** Listed records follows **
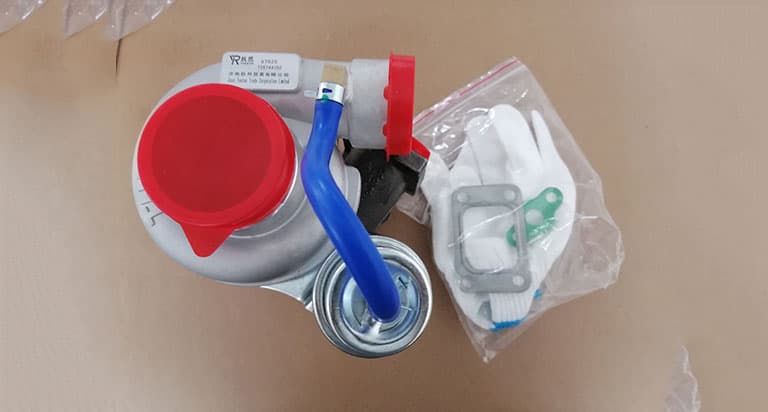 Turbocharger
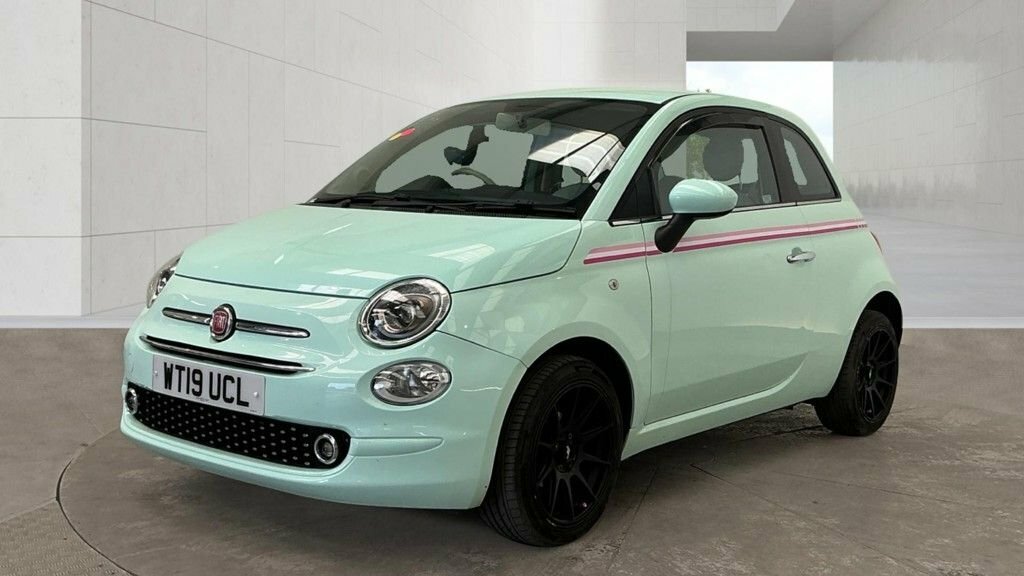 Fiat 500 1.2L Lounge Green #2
** End of Listed records **
** Listed records follows **
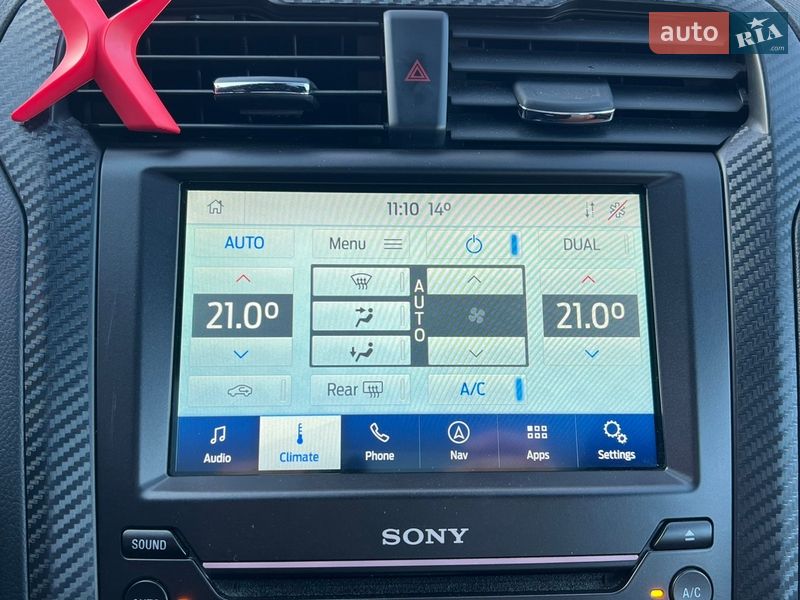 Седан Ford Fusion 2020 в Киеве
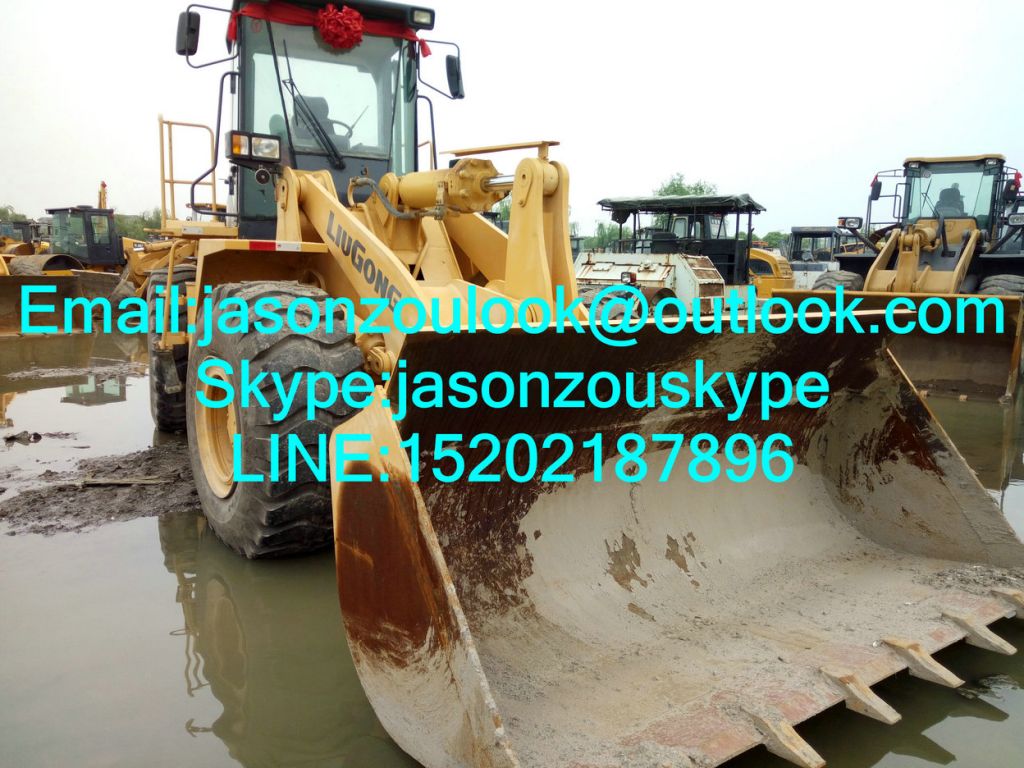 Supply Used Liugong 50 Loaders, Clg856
** End of Listed records **
** Listed records follows **
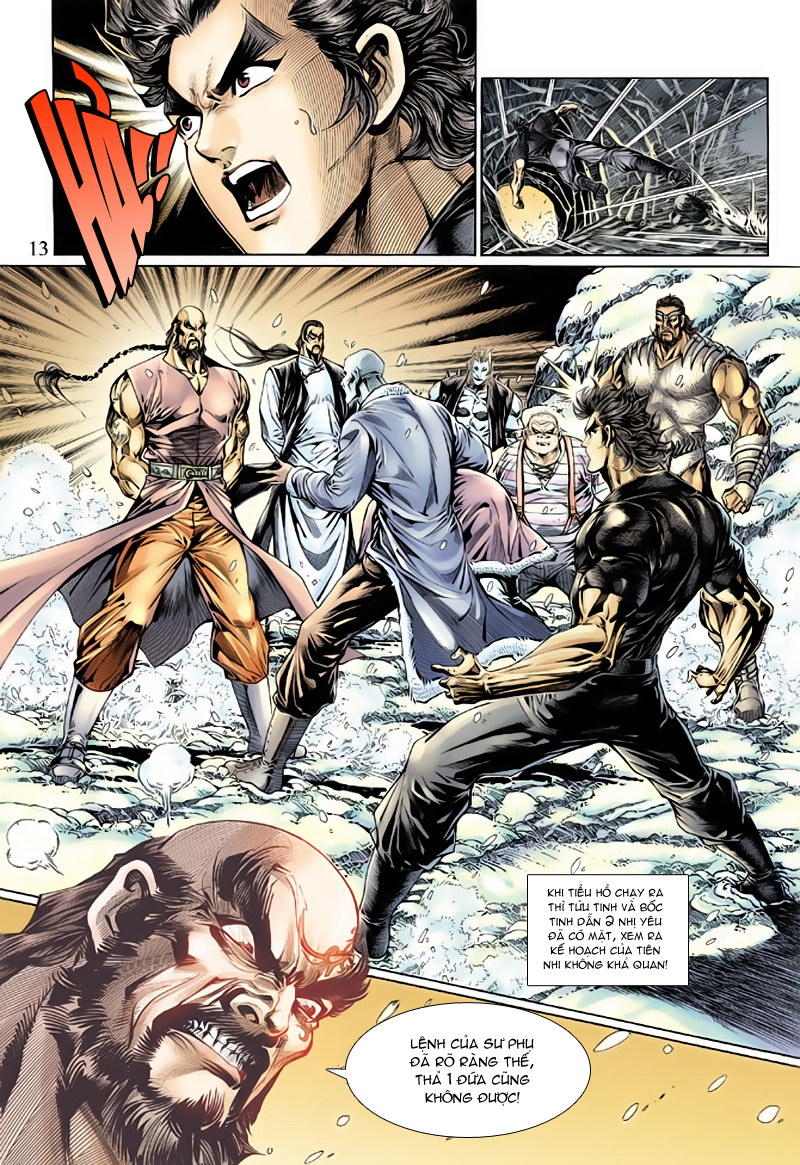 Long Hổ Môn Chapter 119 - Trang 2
** End of Listed records **
> _Task statement_
In the material above, the stretch from the line with "Седан Ford Fusion 2020 в Киеве" through the line with "Supply Used Liugong 50 Loaders, Clg856" is to be given again exactly, minus the pictures.

> _Exercise solution_
 Седан Ford Fusion 2020 в Киеве
 Supply Used Liugong 50 Loaders, Clg856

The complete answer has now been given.